WHAT THIS TASK INVOLVES => Starting with the line with "May Holidays Stickers" in the entries below and going on through the line with "Horse with horseshoe", output every line exactly and nothing more. No pictures.
------------------------------------------------------------------------
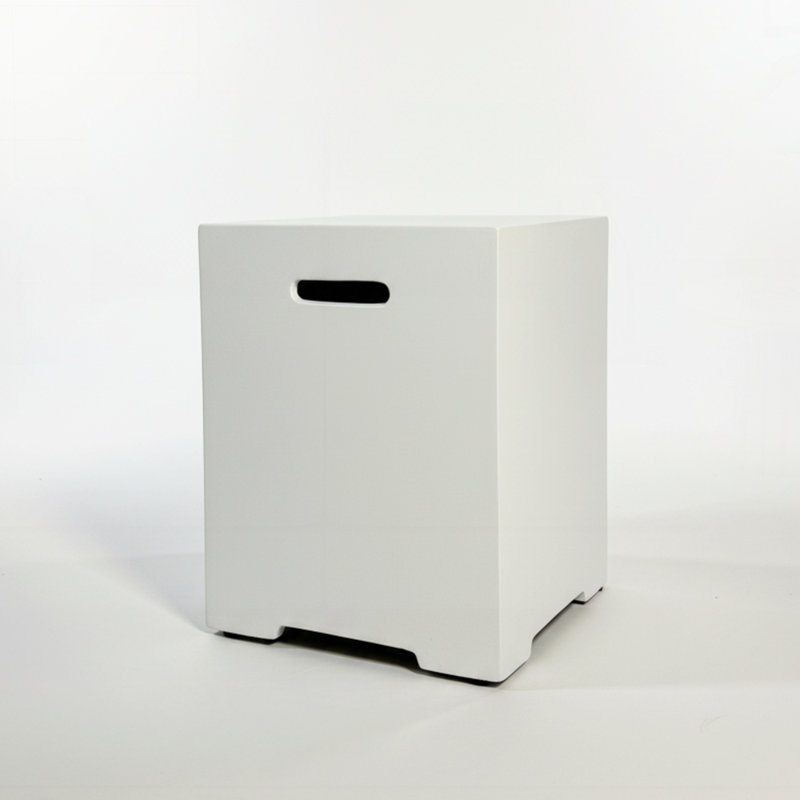 Propane Tank Cover with Side Table, 20 LB Outdoor Storage Hideaway for Gas Fire Pits and Patio Heaters, Ancient White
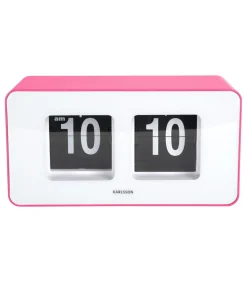 Wandklok Funky Flip - Helderroze - 7x17.7x9.2cm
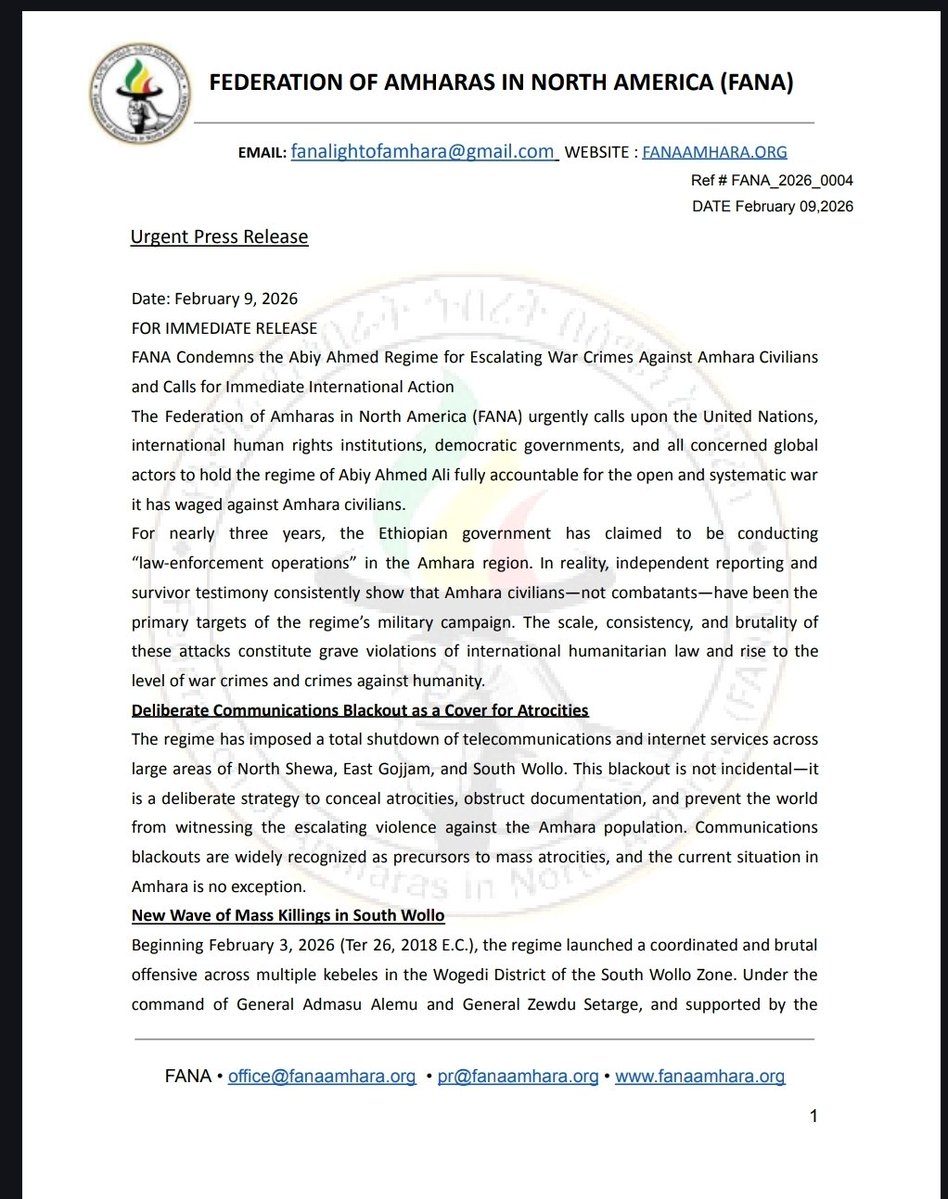 mohammed_meaza's tweet image. Alarming reports continue to emerge about escalating violence against Amhara civilians in Ethiopia, including killings, displacement, destruction of homes, and communication blackouts preventing documentation.
The international community must act NOW.
Independent investigation.…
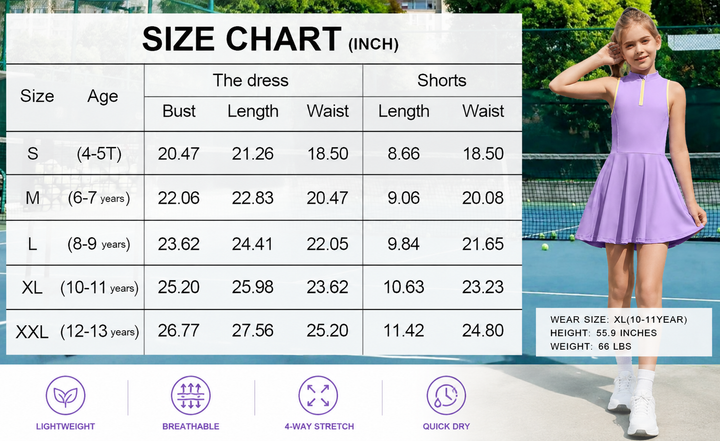 Girls Tennis Golf Dress Sleeveless Athletic Half Zipper Outfits with Shorts Aged 4-13Year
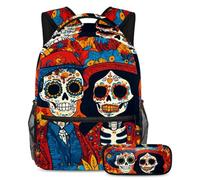 VAPOKF Day of The Skulls Couple School Bag Set for Teen Girls Boys Kids, Student Bookbag Backpack Rucksack with Pencil Case for Primary Secondary Junior High School
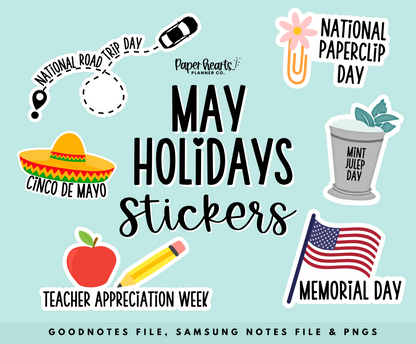 May Holidays Stickers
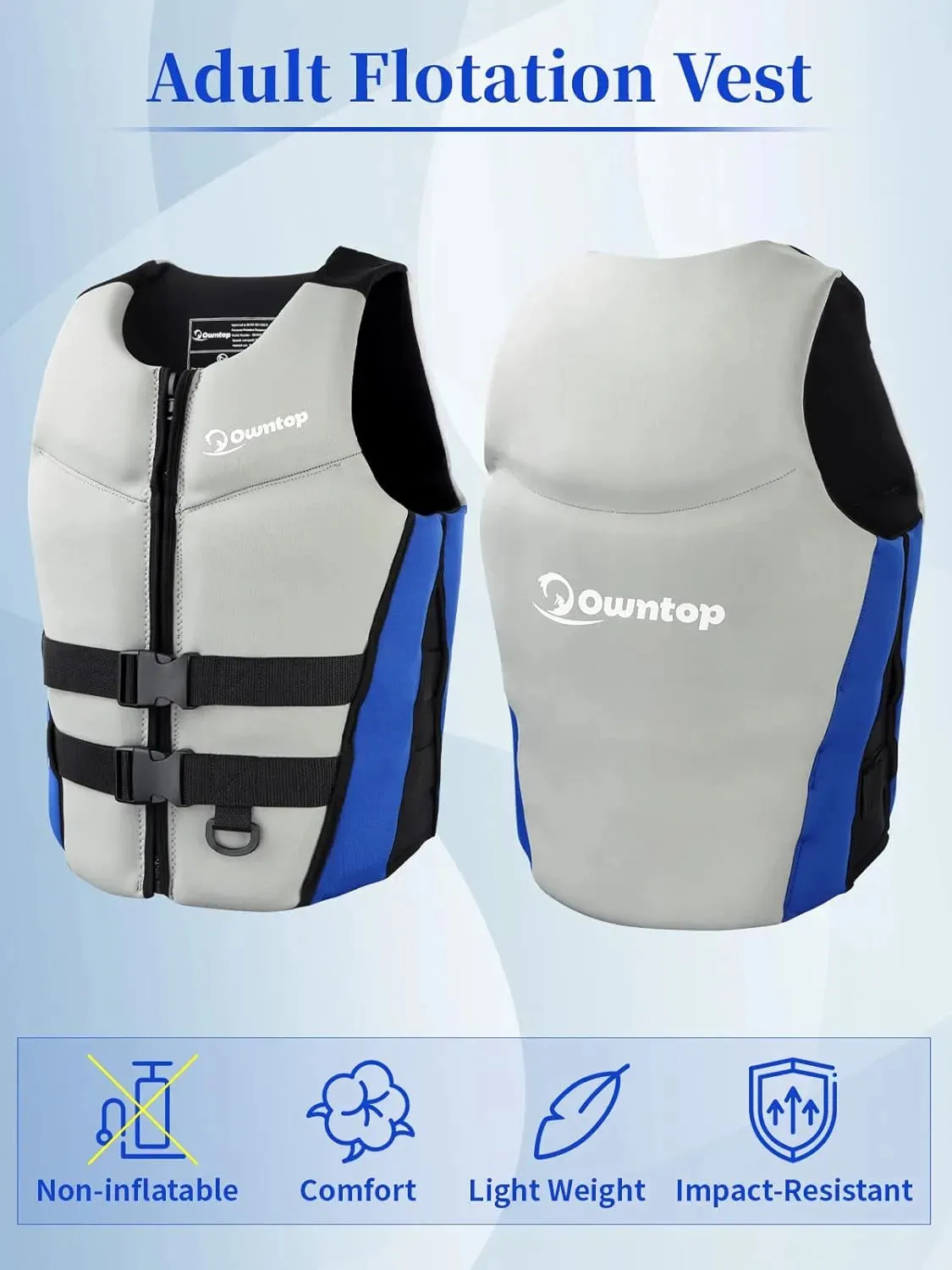 Life Jacket - Lightweight Swim Vest Jacket Men and Women Swim Jacket for Jet Ski Water sports-Grey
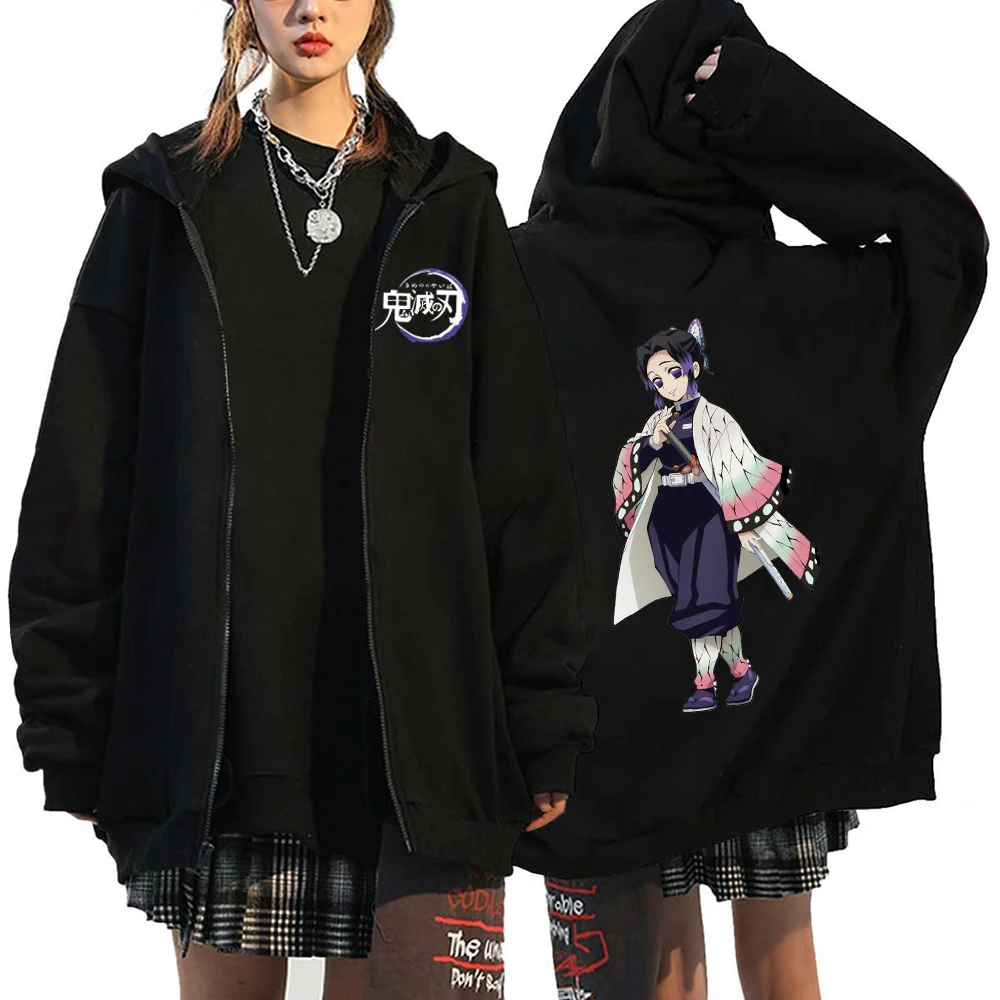 Hot Anime Demon Slayer Women Zip Hoodie Kochou Shinobu Plus SIze Sweatshirt Harajuku Zip Up Jacket Y2k Female Fashion Pullover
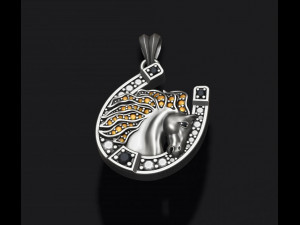 Horse with horseshoe pendant gems 3D प्रिंट मॉडल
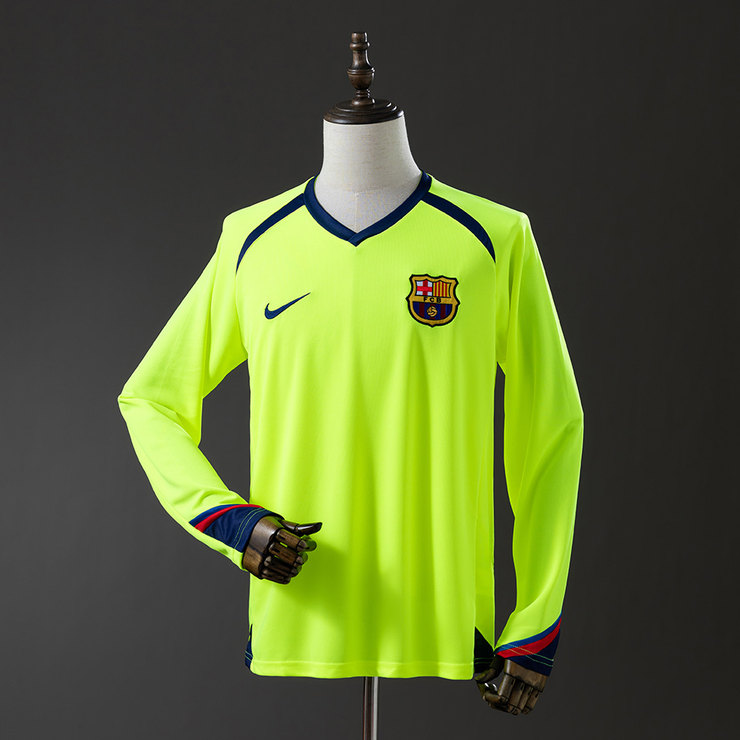 Barcelona 2005/06 Retro Bortatröja Herr Långärmad Neongul Fotbollströja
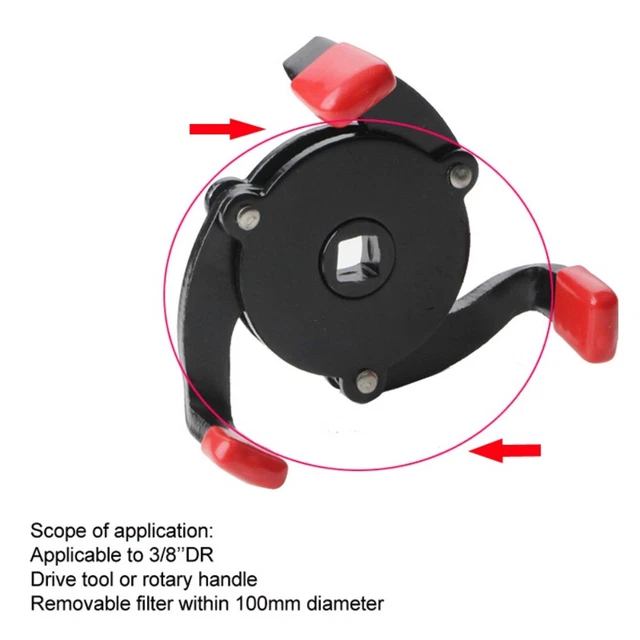 Nowkont Adjustable 2-Claw Oil Filter Wrench – 2.75”-3.85” Range, 3/8” Drive, Telescopic Spring Design For Easy Spin-On Filter Removal On Most Cars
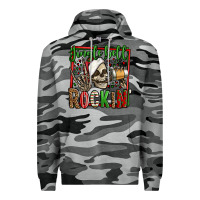 Slate Camo jingle bell rockin skeleton christmas Premium Hoodie - Jasminsmagicworld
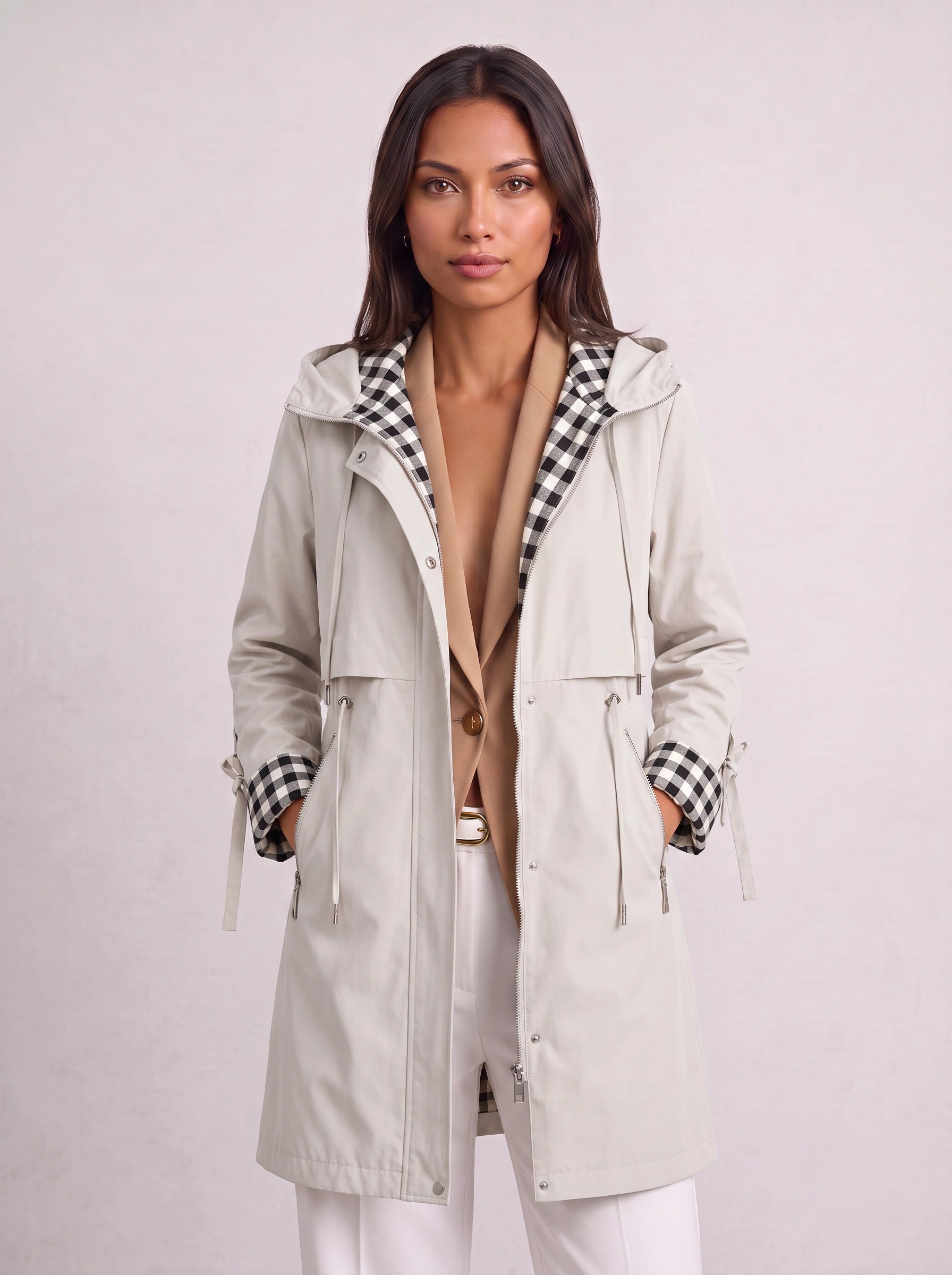 Checkrim Hooded Longline Parka – Lightweight Zip Up Jacket Women Casual Outdoor Trench Coat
------------------------------------------------------------------------
EXERCISE ANSWER =>
 May Holidays Stickers
 Life Jacket - Lightweight Swim Vest Jacket Men and Women Swim Jacket for Jet Ski Water sports-Grey
 Hot Anime Demon Slayer Women Zip Hoodie Kochou Shinobu Plus SIze Sweatshirt Harajuku Zip Up Jacket Y2k Female Fashion Pullover
 Horse with horseshoe pendant gems 3D प्रिंट मॉडल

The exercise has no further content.